Presumably most people buying $500+ video card are doing it for reasons other than "New! Shiny!", they want some benefit.
I wouldn't bet too hard on that. I've spent quite some time on these forums trying to convince people that replacing their 1080 with a 1080Ti while they're still on a 1080p60 panel is idiotic. Believe me, not everyone knows their own good.
The 4K, Eyefinity, lower 1440 res at high fps, and "maybe" the 3440 X 1440 at 60Hz (for sure at 100+Hz) folks are the only people that "need" more than 1070 level performance from what I've seen. (and maybe more than 1080)
That's arguable. See above. Also, you're mostly arguing against yourself at this point. I was the one pointing out that today's GPUs have sufficient performance for the vast majority of users, no?
You can say AMD doesn't need to compete with NV at the 1080Ti and up level, but I think that is a dangerous path for them to go down.

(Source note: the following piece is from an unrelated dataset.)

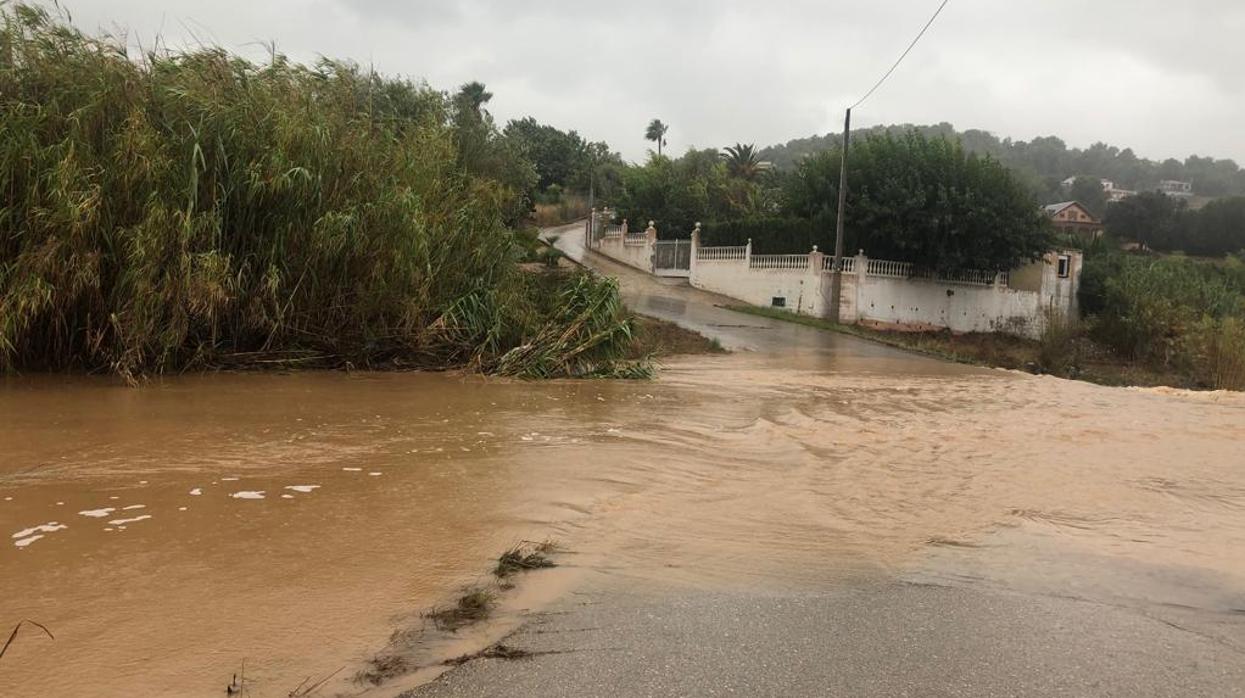 Imagen del desbordamiento del barranco de la Parra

When you become
known as the "middling performance, good price" vendor in the gaming world it's about time to look for other markets. Even to be the fastest at half the games for less money serves AMD best in my opinion.
Now you're just building a straw man to argue against. I never said AMD doesn't need to compete with Nvidia at the 1080Ti level or above. Don't be daft. Now please stop insulting me and the others reading this. What I said was that "competing" at the 1080Ti level or above with a dual GPU card in 2017 is suicide. AMD already has a reputation for being the hot-running, buggy, problematic, OC-less, in-need-of-an-AIO GPU brand. A dual GPU flagship card would just cement that reputation, and would hurt AMD far more than a high-end Vega chip that is "just" competitive with the 1080Ti. "Competing" with a dual GPU card is not competing at all, but rather a clear-cut admittance that they
can't compete at the high end. It would be the equivalent to Raja Koduri going on stage at the Volta consumer launch and telling Jensen Huang "you know what, you've beat us. Fair and square." Now, something tells me this wouldn't play out well for AMD.